* _Assignment_: Within the entries below, please retype exactly the lines starting with the line that has "ENCIMART Cat Perpetual" and going on through the line that has "Сірий, в'язаний акриловий", but not the pictures.

* _Available data_:
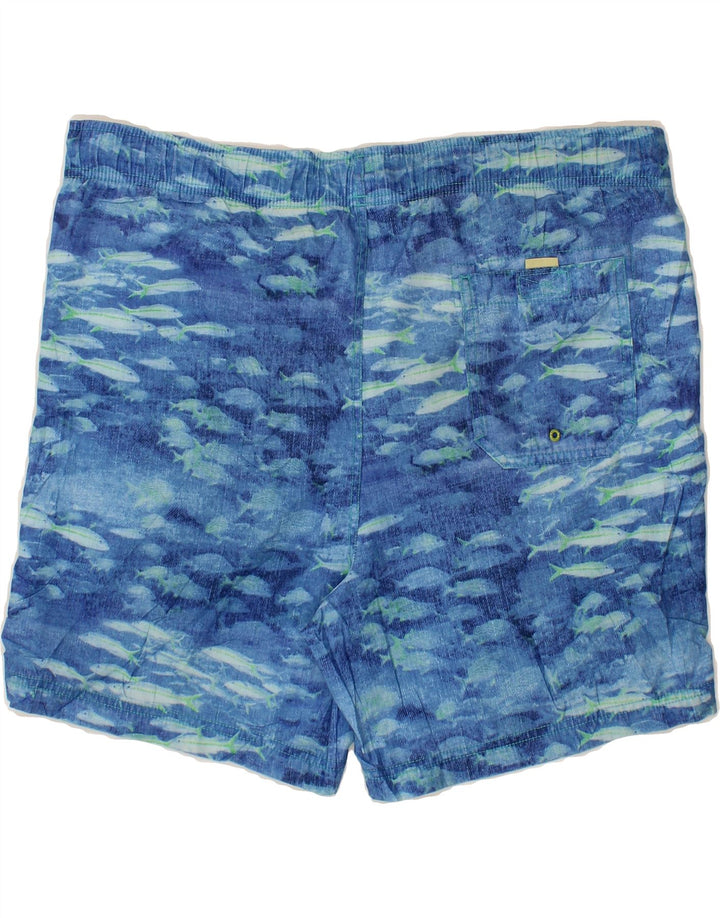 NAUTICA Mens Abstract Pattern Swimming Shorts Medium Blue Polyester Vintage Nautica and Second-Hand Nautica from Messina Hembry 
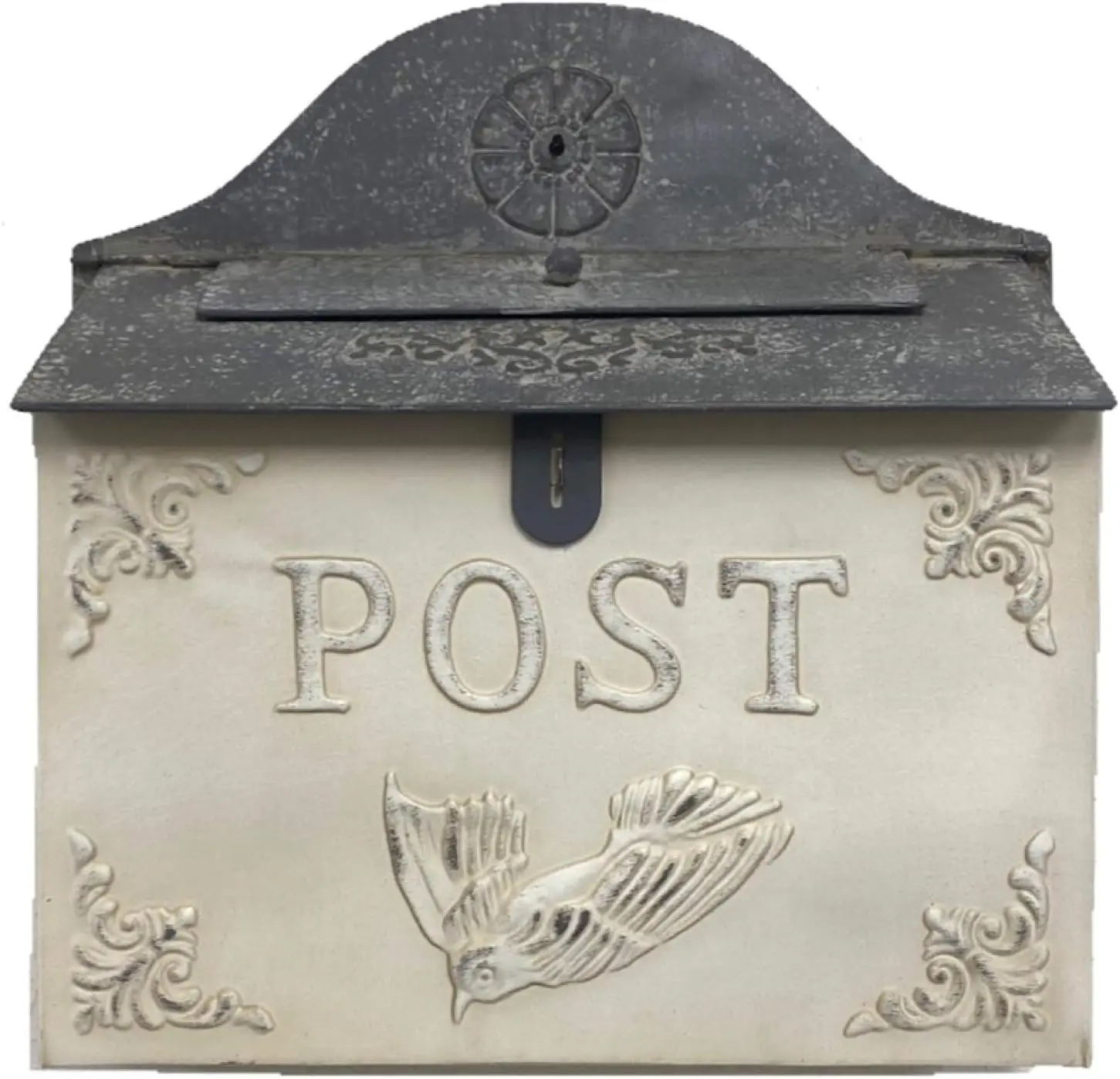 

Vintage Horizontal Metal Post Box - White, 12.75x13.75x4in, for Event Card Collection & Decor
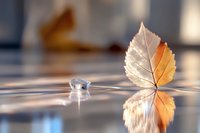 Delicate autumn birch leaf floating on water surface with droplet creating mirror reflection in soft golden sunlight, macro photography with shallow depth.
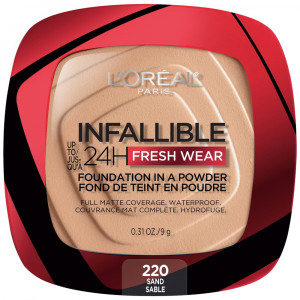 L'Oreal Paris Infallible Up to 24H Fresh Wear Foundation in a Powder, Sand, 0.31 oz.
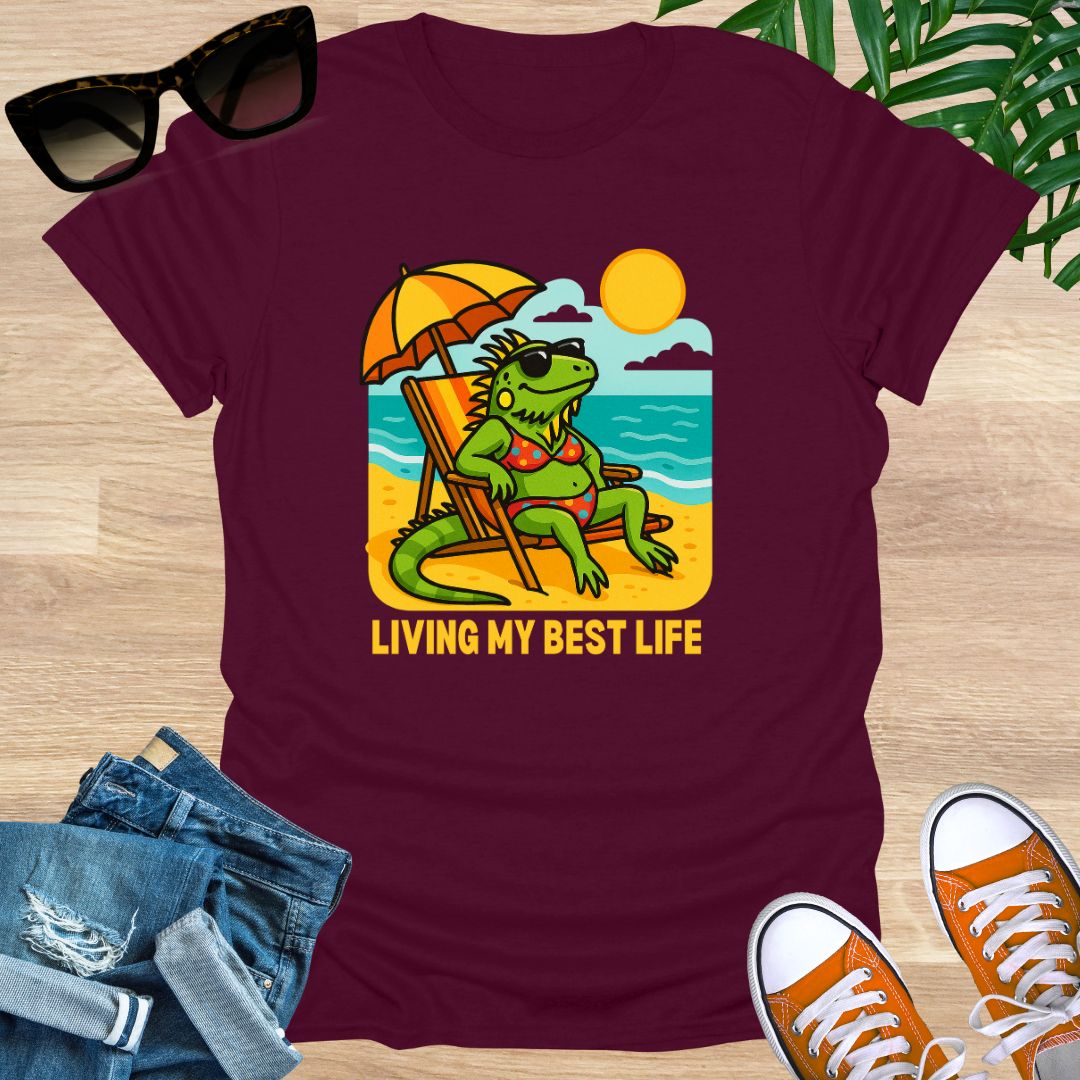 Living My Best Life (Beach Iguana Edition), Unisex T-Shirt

...

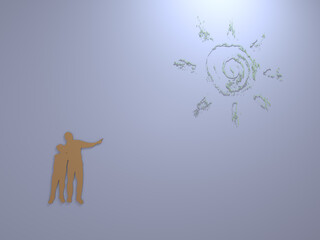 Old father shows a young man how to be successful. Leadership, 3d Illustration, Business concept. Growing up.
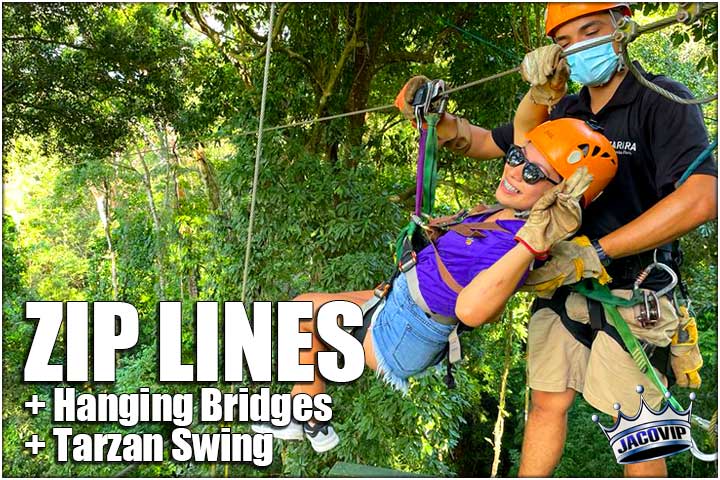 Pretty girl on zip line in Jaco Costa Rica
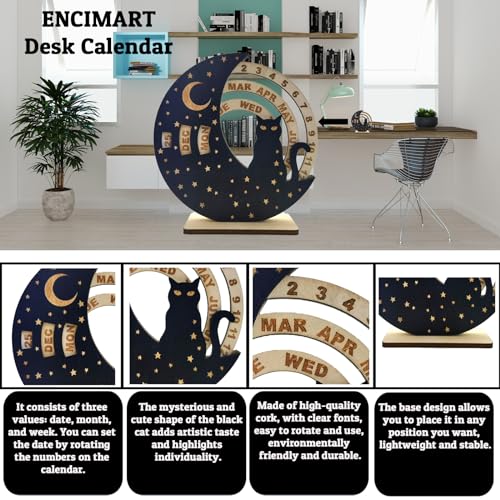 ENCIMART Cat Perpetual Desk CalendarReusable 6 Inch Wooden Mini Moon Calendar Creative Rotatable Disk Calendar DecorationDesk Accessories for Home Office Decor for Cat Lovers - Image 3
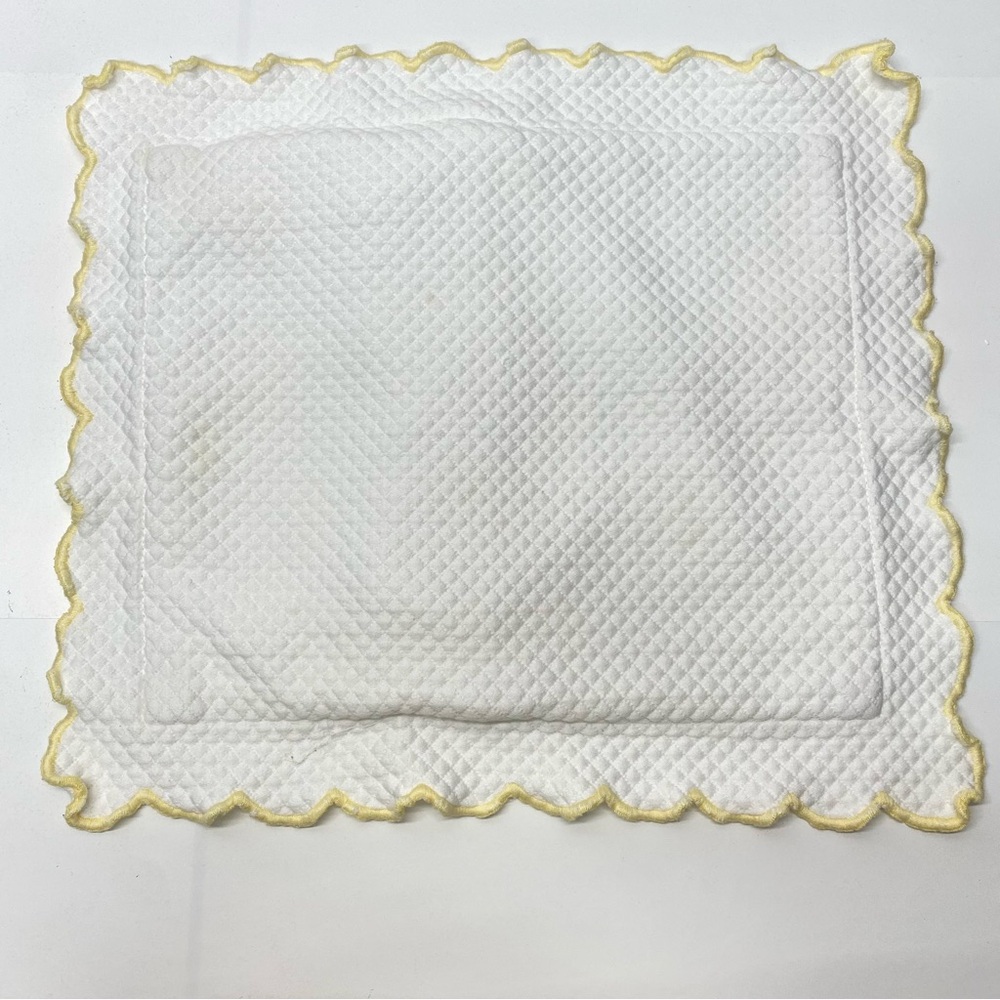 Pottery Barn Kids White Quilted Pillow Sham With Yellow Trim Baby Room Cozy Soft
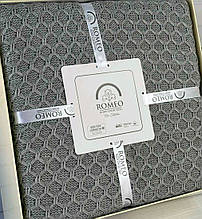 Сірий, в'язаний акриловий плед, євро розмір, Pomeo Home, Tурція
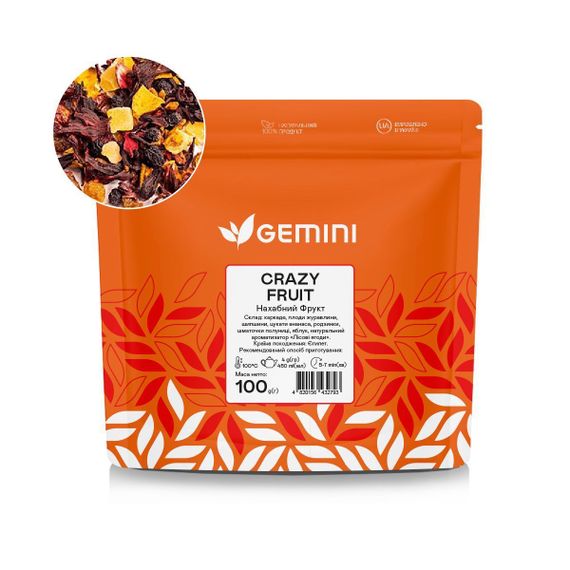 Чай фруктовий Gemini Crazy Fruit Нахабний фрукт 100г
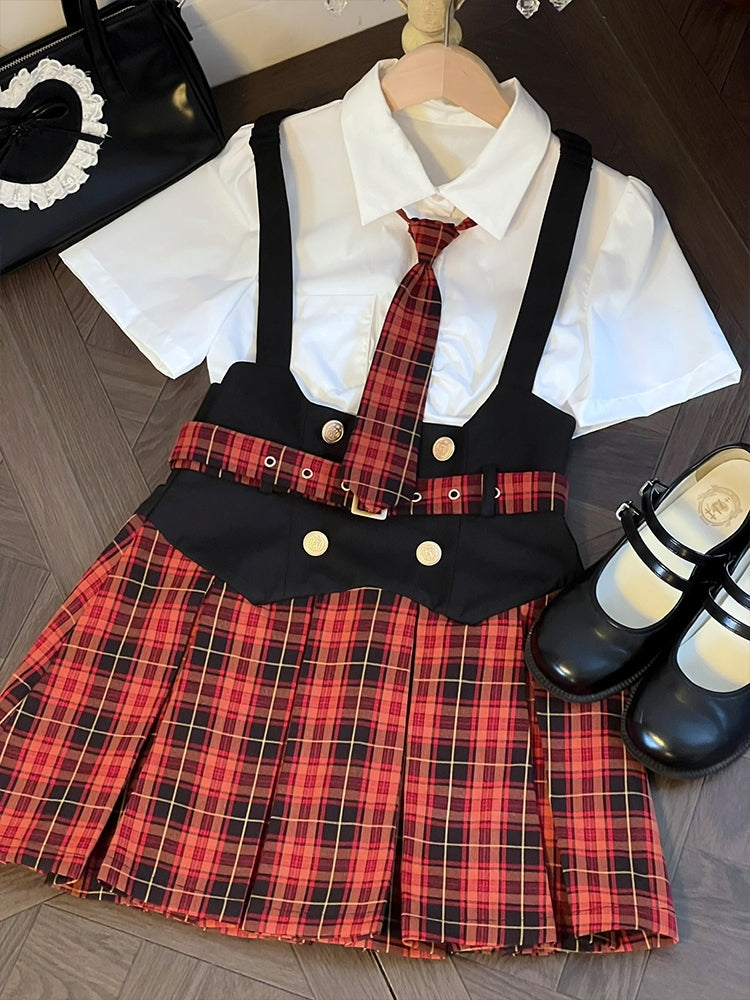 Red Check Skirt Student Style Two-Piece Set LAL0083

* _Output for this exercise_:
 ENCIMART Cat Perpetual Desk CalendarReusable 6 Inch Wooden Mini Moon Calendar Creative Rotatable Disk Calendar DecorationDesk Accessories for Home Office Decor for Cat Lovers - Image 3
 Pottery Barn Kids White Quilted Pillow Sham With Yellow Trim Baby Room Cozy Soft
 Сірий, в'язаний акриловий плед, євро розмір, Pomeo Home, Tурція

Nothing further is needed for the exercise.